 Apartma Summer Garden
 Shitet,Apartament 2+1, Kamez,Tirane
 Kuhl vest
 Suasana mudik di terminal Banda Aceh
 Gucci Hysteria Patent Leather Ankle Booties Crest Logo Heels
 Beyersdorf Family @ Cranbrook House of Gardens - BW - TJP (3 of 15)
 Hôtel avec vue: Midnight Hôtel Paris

--

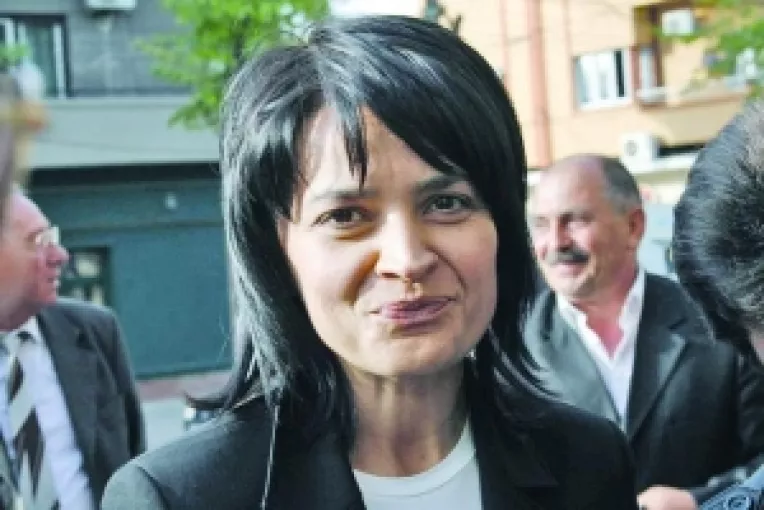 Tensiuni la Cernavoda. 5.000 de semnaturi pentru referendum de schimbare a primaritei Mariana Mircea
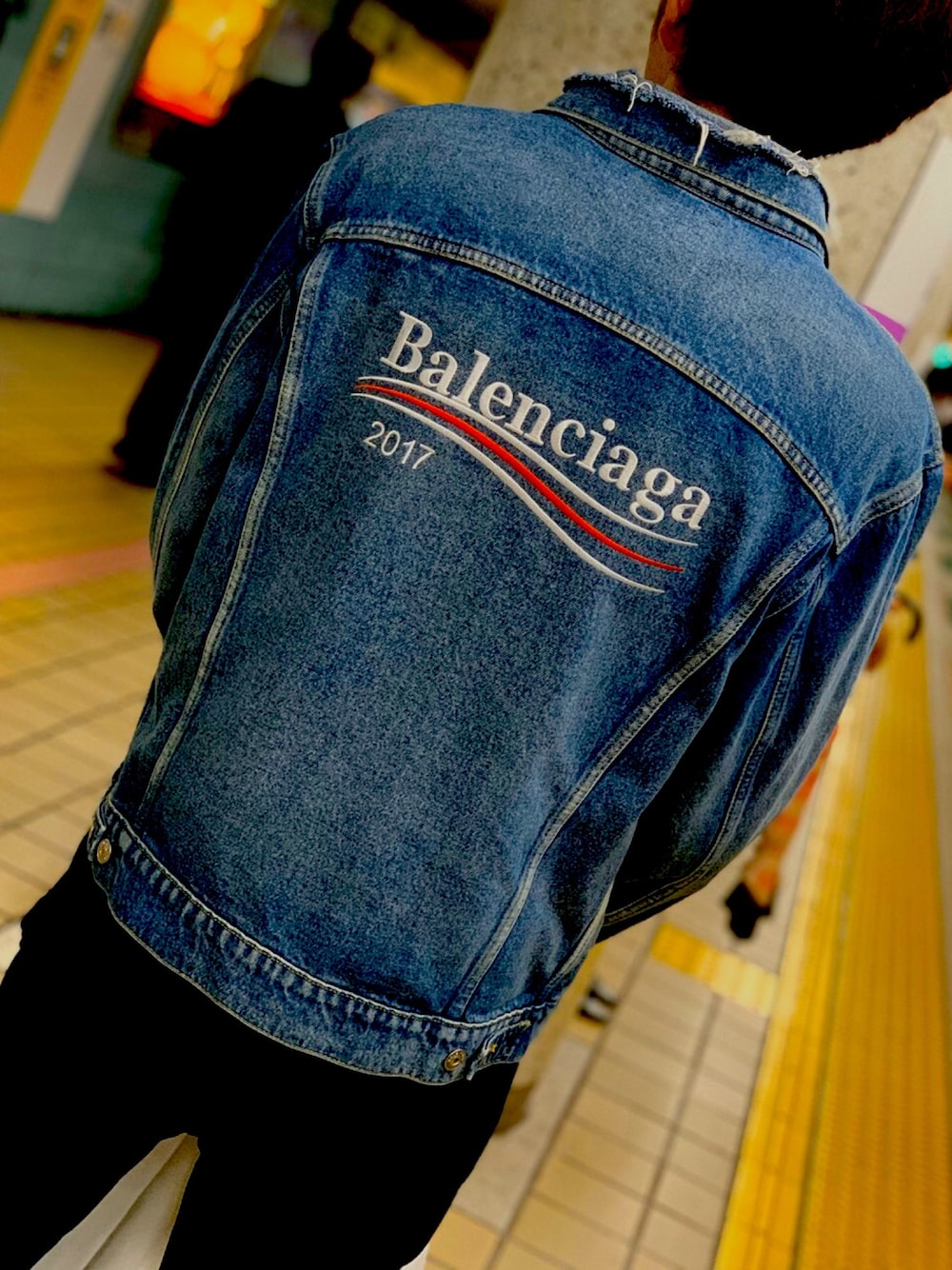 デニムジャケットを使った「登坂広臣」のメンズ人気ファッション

--

What is being asked = All that is wanted is an exact copy of the lines above from the one with "Apartma Summer Garden" through the one with "Hôtel avec vue: Midnight Hôtel Paris", with both ends included.

Solution for this exercise =
 Apartma Summer Garden
 Shitet,Apartament 2+1, Kamez,Tirane
 Kuhl vest
 Suasana mudik di terminal Banda Aceh
 Gucci Hysteria Patent Leather Ankle Booties Crest Logo Heels
 Beyersdorf Family @ Cranbrook House of Gardens - BW - TJP (3 of 15)
 Hôtel avec vue: Midnight Hôtel Paris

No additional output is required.